At 6-foot-7, Mainland pitcher Charlie Law is an imposing sight for those who step into the batter's box.

"You see a lot of arms and legs coming at you," Mainland coach Gary Hegh said.

Not to mention a fastball that has reached 92 m.p.h. and a blossoming change-up that became an extremely effective part of his arsenal.

Law used those pitches masterfully this spring, compiling a 5-0 record and a 0.66 ERA while striking out 66, issuing 11 walks and allowing just 27 hits in 42 innings.

Only four of the hits he surrendered went for extra bases.

In addition, he batted .394 with four homers and 19 RBIs and had a .608 on-base percentage, steering Mainland to a 16-8 record and the Cape-Atlantic American II title. The Mustangs were 8-0 in conference games.

For his accomplishments, Law has been named The Inquirer's South Jersey baseball player of the year.

"Charlie is very sound mechanically because of his dad; his dad was a pitcher and played at Monmouth, and he was his mentor," Hegh said.

Jonathan Law, Charlie's dad, set a Mainland record by striking out 16 in a 1965 game. Charlie broke his dad's record by whiffing 17 in a 2-1 win over St. Joseph last year.

Law, a second-team all-South Jersey selection last year, was a combined 12-3 over his last two seasons.

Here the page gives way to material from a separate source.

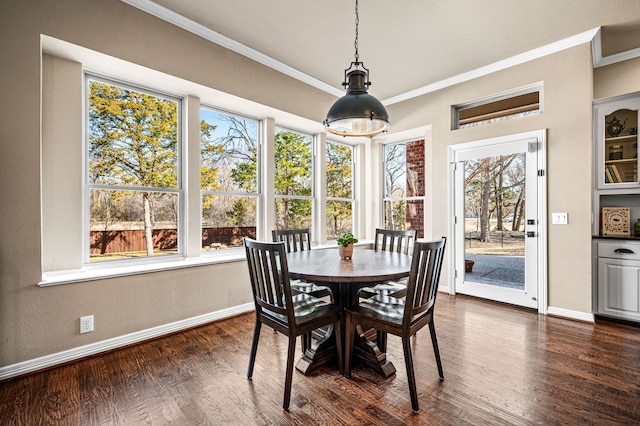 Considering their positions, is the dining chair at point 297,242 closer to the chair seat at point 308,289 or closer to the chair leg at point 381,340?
the chair seat at point 308,289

"He's not just a [hard] thrower. He knows how to pitch," said Winslow Township coach Keith Regn, whose team was blanked by Law, 7-0. "He throws his breaking ball for strikes. He's a complete pitcher."

Because he was deemed to be a player who would be difficult to sign, Law wasn't selected in the first-year players' draft until the 44th round. The Phillies selected him and said they would follow his progress in summer leagues.

Law is expected to bypass the Phils and attend Rutgers on a baseball scholarship.

"The Phillies said they'd follow him and make an offer on the last day they can sign him - Aug. 15," Jonathan Law said. Charlie Law is expected to have a tryout at Citizens Bank Park that day.

"His adviser thinks he can be a first- or second-round pick if he waits until he's a [college] junior," Jonathan Law said. "He told Charlie not to short-change himself and not to jump at the first thing he sees. The ball's in his court."

The slender Law figures to increase his velocity as his body fills out.

"He's 6-7, 225 and he's hit 92 [on the radar gun]," Hegh said. "What will he throw when he's 250?"

Law, who was also a key player on Mainland's basketball team, is anxious to begin his collegiate baseball career.

"I cannot wait to play under Coach [Fred] Hill," said Law, who had a 3.2 grade point average in high school and is leaning toward majoring in sports medicine. "Rutgers is the greatest school, and all I'm thinking of is putting the Scarlet Knights' jersey on and stepping on the turf field. I can't wait. I met the players on my visit, and they're the greatest kids in the world."

Law has fond memories of watching his older brothers, Jason and Ian, play baseball at Monmouth and Lafayette, respectively.

"The college experience," he said, "is almost priceless."

The same can be said about watching Law pitch.